The sole purpose of naloxone in the drug is to significantly reduce the effects of and IV administered dose. Nothing more. Naloxone plays negligible role in the ability of suboxone to precipitate withdrawal in users dependent on regular opioids; injected or otherwise. It is buprenorphine which does this by antagonizing currently bound opioids to take their place (hence the label 'mixed agonist/antagonist); Acute withdrawal may therefore be caused due to its comparatively mild intrinsic activity.
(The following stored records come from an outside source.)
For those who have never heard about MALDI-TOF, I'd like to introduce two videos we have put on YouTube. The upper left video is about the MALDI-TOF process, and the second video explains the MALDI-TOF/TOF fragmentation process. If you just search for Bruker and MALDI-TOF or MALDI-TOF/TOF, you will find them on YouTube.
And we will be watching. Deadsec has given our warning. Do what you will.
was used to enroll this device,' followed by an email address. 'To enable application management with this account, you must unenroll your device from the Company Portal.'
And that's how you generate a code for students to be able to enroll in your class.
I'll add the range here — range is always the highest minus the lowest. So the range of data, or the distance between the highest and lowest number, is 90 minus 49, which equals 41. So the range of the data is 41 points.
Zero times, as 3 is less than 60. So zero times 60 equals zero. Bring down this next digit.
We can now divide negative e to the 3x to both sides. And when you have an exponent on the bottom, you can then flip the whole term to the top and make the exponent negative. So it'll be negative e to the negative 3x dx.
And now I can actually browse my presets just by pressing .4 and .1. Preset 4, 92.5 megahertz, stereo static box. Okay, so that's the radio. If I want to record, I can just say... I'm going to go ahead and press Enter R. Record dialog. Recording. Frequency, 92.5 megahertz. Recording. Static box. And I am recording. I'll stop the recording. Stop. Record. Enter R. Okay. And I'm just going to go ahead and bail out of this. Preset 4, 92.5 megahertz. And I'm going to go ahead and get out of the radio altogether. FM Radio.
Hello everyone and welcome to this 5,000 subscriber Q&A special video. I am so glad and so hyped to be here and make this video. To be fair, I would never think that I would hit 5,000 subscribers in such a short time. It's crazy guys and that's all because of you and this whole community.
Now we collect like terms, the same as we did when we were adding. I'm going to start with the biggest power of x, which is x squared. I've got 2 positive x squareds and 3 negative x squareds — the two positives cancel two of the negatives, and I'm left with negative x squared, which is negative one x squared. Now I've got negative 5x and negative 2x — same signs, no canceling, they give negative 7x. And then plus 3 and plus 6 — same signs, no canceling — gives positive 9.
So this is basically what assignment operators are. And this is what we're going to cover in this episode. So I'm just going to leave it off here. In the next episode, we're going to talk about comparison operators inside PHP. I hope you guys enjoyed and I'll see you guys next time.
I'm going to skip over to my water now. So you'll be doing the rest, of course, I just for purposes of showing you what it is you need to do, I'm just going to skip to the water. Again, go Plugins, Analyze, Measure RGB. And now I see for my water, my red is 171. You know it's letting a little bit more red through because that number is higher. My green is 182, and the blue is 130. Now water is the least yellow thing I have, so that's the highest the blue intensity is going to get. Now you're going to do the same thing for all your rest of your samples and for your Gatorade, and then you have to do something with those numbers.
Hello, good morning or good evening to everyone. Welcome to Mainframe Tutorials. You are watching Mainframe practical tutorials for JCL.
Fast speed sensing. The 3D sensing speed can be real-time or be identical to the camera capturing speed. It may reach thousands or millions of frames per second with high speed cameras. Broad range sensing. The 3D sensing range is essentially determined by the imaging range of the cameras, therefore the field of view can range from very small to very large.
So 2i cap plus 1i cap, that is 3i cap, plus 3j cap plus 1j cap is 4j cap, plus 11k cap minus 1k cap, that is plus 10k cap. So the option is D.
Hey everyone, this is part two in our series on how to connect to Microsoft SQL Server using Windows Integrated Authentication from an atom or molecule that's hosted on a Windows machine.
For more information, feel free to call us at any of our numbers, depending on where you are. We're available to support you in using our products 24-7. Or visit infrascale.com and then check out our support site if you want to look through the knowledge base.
Use of the buprenorphine only product (subutex) by a currently opioid dependent individual will precipitate withdrawal the same as Suboxone will.

Despite a degree of interference from the naloxone, some individuals report experiencing a degree of agonist type subjective effects upon IV injection of suboxone, and are liable to experience respiratory depression along with all other side effects of opioid agonists. IV use of subutex in these same individuals will produce these effects as well, and most likely to a greater extent.

Naloxone present in suboxone may affect the activity of unbound concurrently administered buprenorphine to a degree, which explains the buprenorphine/naloxone combo providing less narcosis than buprenorphine alone in studies.